By Jared Turner
Before and since July’s announcement that Erik Jones will join Joe Gibbs Racing’s four-car Monster Energy NASCAR Cup Series fleet in 2017, the 21-year-old youngster from Byron, Michigan has impressed his future boss — three-time Super Bowl-winning coach Joe Gibbs. Sunday’s race at Kansas Speedway was undoubtedly not one of Jones’ more impressive outings, however. Running in the middle of a big pack of cars, Jones triggered a massive wreck on Lap 198 when he lost control of his No. 77 Furniture Row Racing Toyota. Collected in the melee were none other than two Joe Gibbs Racing cars, including that of championship contender Matt Kenseth — the driver whom Jones will replace next season in JGR’s No. 20 Toyota. As a result, Kenseth ultimately failed to advance to the Round of 8. To his credit, Jones took responsibility for the incident. “I just lost it,” the rookie driver said. “It’s unfortunate, and I feel bad for my guys and my team, and I also feel bad for the cars that we took out of the race. It’s just a shame.”

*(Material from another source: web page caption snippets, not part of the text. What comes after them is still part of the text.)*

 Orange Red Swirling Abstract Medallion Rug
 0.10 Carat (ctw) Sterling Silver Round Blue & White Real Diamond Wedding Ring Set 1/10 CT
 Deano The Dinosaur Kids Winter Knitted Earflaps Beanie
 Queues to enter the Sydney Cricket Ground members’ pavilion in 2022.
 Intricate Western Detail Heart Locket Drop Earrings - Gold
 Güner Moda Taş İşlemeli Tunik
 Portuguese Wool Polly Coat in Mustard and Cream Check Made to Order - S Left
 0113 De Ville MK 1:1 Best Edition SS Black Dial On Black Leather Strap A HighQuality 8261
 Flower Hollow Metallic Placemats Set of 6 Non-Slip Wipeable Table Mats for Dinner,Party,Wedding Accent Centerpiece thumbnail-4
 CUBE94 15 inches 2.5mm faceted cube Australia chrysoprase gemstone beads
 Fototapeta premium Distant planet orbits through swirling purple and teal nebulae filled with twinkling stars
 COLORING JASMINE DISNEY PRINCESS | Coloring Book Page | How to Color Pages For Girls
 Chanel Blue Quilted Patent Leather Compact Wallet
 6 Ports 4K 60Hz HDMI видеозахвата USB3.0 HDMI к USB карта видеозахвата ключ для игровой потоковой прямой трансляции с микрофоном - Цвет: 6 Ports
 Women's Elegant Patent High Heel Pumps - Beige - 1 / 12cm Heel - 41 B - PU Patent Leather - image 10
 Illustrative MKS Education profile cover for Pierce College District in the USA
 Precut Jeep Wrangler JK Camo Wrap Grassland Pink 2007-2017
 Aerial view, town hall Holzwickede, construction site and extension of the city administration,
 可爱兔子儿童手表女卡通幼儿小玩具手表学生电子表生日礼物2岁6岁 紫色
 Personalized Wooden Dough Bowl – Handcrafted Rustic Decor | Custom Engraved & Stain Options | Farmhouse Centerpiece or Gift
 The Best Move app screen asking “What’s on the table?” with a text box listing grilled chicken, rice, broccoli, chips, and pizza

The No. 78 Bunch Is A Paragon Of Resilience
No team has experienced more adversity off the track this season than Furniture Row Racing. And, likewise, no team has risen to the occasion more often. The Denver, Colorado-based organization’s resilience was on full display once again with Sunday’s victory at Kansas, where on Saturday night the team lost road-crew fabricator Jim Watson after Watson suffered a fatal heart attack during a recreational outing. Racing with a heavy heart, driver Martin Truex Jr. dedicated his latest win to Watson, who no doubt would have wanted the show to go on in his absence. Kudos to Truex, crew chief Cole Pearn and the entire No. 78 bunch for time and time again showing tremendous heart in the face of difficult and even painful situations this season.